Relativity (1931)/Section 12

 

XII

THE BEHAVIOUR OF MEASURING-RODS AND CLOCKS IN MOTION

I PLACE a metre-rod in the ${\displaystyle x'}$-axis of ${\displaystyle K'}$ in such a manner that one end (the beginning) coincides with the point ${\displaystyle x'=0}$, whilst the other end (the end of the rod) coincides with the point ${\displaystyle x'=1}$. What is the length of the metre-rod relatively to the system ${\displaystyle K}$? In order to learn this, we need only ask where the beginning of the rod and the end of the rod lie with respect to ${\displaystyle K}$ at a particular time ${\displaystyle t}$ of the system ${\displaystyle K}$. By means of the first equation of the Lorentz transformation the values of these two points at the time ${\displaystyle t=0}$ can be shown to be

${\displaystyle {\begin{aligned}x_{\mathrm {(beginning\ of\ rod)} }&=0\cdot {\sqrt {1-{\frac {v^{2}}{c^{2}}}}}\\x_{\mathrm {(end\ of\ rod)} }&=1\cdot {\sqrt {1-{\frac {v^{2}}{c^{2}}}}}\mathrm {,} \end{aligned}}}$

the distance between the points being ${\displaystyle {\sqrt {1-{\frac {v^{2}}{c^{2}}}}}}$.
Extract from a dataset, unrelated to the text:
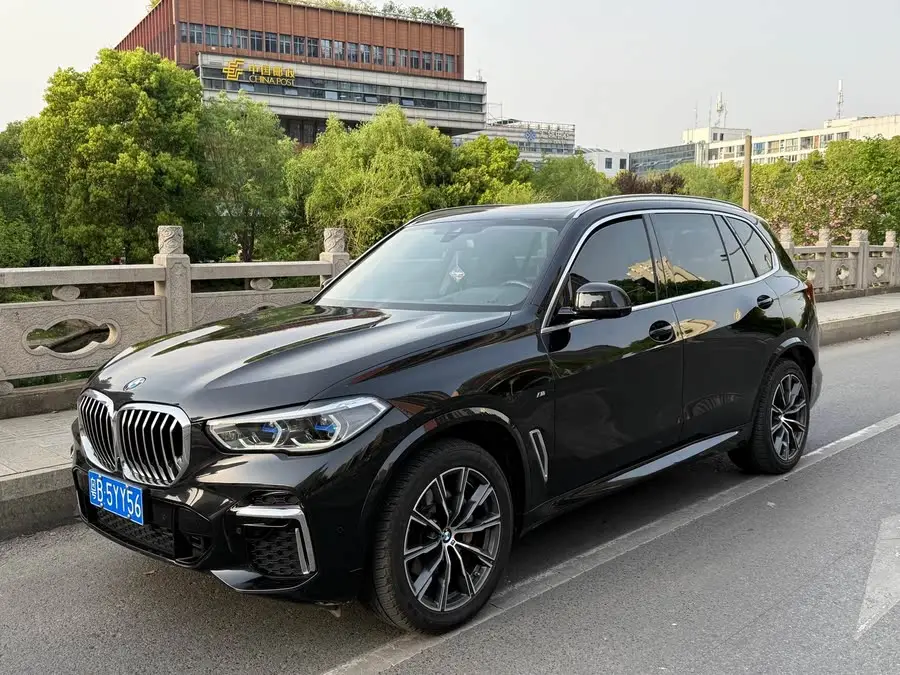 بي إم دبليو X5 طراز 2022 تجديد xDrive 30Li حزمة الرياضة M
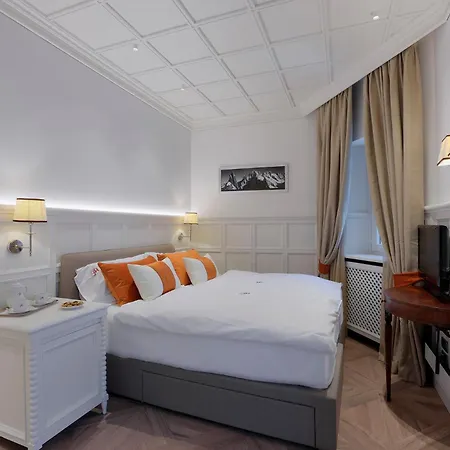 Szálloda Grand Des Alpes 5*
But the metre-rod is moving with the velocity ${\displaystyle v}$ relative to ${\displaystyle K}$. It therefore follows that the length of a rigid metre-rod moving in the direction of its length with a velocity ${\displaystyle v}$ is ${\displaystyle {\sqrt {1-{\tfrac {v^{2}}{c^{2}}}}}}$ of a metre. The rigid rod is thus shorter when in motion than when at rest, and the more quickly it is moving, the shorter is the rod. For the velocity ${\displaystyle v=c}$ we should have ${\displaystyle {\sqrt {1-{\tfrac {v^{2}}{c^{2}}}}}=0}$, and for still greater velocities the square-root becomes imaginary. From this we conclude that in the theory of relativity the velocity ${\displaystyle c}$ plays the part of a limiting velocity, which can neither be reached nor exceeded by any real body.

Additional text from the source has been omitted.